03 — Volumes¶
A volume is storage attached to a Pod that outlives individual container restarts but (mostly) not the Pod — distinct from persistent volumes (ch.04):
emptyDir(incl.medium: Memory,sizeLimit), thehostPathfootgun,projected(combine secret+configMap+downwardAPI+SA token),downwardAPI(pod metadata as files/env), ephemeral volumes (generic & CSI), and mount mechanics / propagation — applied by giving catalog a scratch dir and a self-awareness volume.
Estimated time: ~15 min read · ~30 min hands-on
Prerequisites: Part 01 ch.01 — Pods and volume mounts · Part 03 ch.01 — projecting config into the filesystem
You'll know after this: • distinguish Pod-lifetime volumes from persistent storage · • use emptyDir (including medium: Memory and sizeLimit) appropriately · • recognize the hostPath security/portability footgun · • compose a projected volume from Secret + ConfigMap + DownwardAPI + SA token · • inject Pod metadata into a container via the DownwardAPI
Why this exists¶
A container's filesystem is ephemeral and private: when a container restarts (liveness failure, crash, Part 01 ch.02), everything it wrote is gone, and a sidecar in the same Pod (Part 01 ch.01) can't see another container's filesystem at all. Lots of legitimate needs don't fit that: a scratch/cache directory that should survive a container restart within the same Pod; a path shared between containers in a Pod (init writes, main reads); a way to hand a container its own identity (pod name, namespace, the labels a NetworkPolicy uses) as files; mounting a ConfigMap/Secret (ch.01/ch.02) as files.

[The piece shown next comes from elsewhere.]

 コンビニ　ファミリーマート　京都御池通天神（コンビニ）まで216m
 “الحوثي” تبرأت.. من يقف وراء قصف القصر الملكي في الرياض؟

A volume is the Pod-level abstraction for all of this: a directory,
declared on the Pod, mounted into one or more containers, whose lifetime is
tied to the Pod (not the container). This chapter is the non-persistent
volume types — scratch, in-memory, metadata, projected. The moment you need
data to outlive the Pod itself (a database's files), that is a
PersistentVolume, a different lifecycle entirely — ch.04.
Getting this distinction right is the whole point: most "I lost my data" bugs
are an emptyDir used where a PVC was needed.
Mental model¶
A volume is a directory the Pod owns and lends to its containers. The Pod
declares spec.volumes[]; each container volumeMounts[] a subset at chosen
paths. The key axis is lifetime:
- Tied to the Pod (this chapter):
emptyDir(created empty when the Pod is scheduled, deleted when the Pod is removed — survives container restarts, not Pod deletion),configMap/secret/downwardAPI/projected(config & identity materialized as files), generic/CSI ephemeral (a per-Pod volume provisioned and destroyed with the Pod). - Independent of the Pod (ch.04): a
persistentVolumeClaim— storage that exists before and after any Pod and is re-attached across rescheduling. (Postgres uses this; anemptyDirthere would be data loss.)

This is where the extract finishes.